[The problem]
Repeat the records. Keep every word and mark exactly as it is.

*** Exercise input ***

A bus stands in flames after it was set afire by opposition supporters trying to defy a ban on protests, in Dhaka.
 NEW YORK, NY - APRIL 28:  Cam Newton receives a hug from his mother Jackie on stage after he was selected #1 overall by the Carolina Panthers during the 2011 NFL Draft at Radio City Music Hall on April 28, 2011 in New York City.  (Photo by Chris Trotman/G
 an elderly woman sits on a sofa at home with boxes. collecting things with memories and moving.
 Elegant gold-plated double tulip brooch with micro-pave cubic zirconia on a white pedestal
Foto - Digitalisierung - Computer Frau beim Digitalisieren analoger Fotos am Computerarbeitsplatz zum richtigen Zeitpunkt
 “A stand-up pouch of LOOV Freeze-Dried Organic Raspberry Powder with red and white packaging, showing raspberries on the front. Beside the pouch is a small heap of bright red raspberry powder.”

*** End of Exercise input ***

[Exercise solution]
A bus stands in flames after it was set afire by opposition supporters trying to defy a ban on protests, in Dhaka.
 NEW YORK, NY - APRIL 28:  Cam Newton receives a hug from his mother Jackie on stage after he was selected #1 overall by the Carolina Panthers during the 2011 NFL Draft at Radio City Music Hall on April 28, 2011 in New York City.  (Photo by Chris Trotman/G
 an elderly woman sits on a sofa at home with boxes. collecting things with memories and moving.
 Elegant gold-plated double tulip brooch with micro-pave cubic zirconia on a white pedestal
Foto - Digitalisierung - Computer Frau beim Digitalisieren analoger Fotos am Computerarbeitsplatz zum richtigen Zeitpunkt
 “A stand-up pouch of LOOV Freeze-Dried Organic Raspberry Powder with red and white packaging, showing raspberries on the front. Beside the pouch is a small heap of bright red raspberry powder.”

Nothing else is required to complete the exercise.